= WORK TO BE COMPLETED =
Look below and pull out each line with the word "Indoor".

Items listed in a dataset

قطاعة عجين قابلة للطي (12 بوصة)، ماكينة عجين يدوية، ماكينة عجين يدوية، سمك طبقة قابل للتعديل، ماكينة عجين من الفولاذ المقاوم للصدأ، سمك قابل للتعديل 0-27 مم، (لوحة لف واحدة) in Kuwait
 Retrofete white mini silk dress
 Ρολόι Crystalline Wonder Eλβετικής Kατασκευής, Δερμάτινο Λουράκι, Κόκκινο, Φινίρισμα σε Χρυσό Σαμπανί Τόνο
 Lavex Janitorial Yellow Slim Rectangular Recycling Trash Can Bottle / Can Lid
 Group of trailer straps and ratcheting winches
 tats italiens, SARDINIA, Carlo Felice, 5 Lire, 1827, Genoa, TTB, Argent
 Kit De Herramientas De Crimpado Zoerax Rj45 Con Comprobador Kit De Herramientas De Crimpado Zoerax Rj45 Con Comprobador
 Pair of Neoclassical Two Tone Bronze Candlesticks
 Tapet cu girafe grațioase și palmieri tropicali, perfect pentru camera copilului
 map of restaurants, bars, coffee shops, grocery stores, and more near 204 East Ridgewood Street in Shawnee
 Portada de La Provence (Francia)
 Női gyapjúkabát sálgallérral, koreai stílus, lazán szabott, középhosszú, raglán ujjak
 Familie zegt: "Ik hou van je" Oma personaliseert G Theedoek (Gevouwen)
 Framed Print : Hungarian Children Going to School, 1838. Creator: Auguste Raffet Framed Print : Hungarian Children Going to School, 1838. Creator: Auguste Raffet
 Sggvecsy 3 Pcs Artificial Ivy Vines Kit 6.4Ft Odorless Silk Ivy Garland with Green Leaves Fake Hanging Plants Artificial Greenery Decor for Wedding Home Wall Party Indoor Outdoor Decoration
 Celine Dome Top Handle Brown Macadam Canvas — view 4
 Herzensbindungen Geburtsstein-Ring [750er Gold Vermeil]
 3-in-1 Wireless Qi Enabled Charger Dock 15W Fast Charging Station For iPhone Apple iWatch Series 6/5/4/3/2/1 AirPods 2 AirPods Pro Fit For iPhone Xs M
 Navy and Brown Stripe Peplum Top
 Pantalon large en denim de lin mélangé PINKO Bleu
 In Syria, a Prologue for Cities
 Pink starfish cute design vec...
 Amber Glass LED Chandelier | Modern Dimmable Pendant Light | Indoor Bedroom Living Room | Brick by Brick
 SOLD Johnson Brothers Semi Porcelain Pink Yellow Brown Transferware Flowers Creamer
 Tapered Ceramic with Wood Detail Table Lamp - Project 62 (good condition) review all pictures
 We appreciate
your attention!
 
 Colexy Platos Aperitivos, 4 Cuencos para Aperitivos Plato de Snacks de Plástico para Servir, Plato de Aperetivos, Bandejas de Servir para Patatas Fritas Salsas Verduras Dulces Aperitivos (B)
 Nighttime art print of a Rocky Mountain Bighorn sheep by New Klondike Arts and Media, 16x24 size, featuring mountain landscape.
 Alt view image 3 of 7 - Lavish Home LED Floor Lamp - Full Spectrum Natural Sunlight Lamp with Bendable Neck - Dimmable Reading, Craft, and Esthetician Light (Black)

= EXERCISE RESPONSE =
 Sggvecsy 3 Pcs Artificial Ivy Vines Kit 6.4Ft Odorless Silk Ivy Garland with Green Leaves Fake Hanging Plants Artificial Greenery Decor for Wedding Home Wall Party Indoor Outdoor Decoration
 Amber Glass LED Chandelier | Modern Dimmable Pendant Light | Indoor Bedroom Living Room | Brick by Brick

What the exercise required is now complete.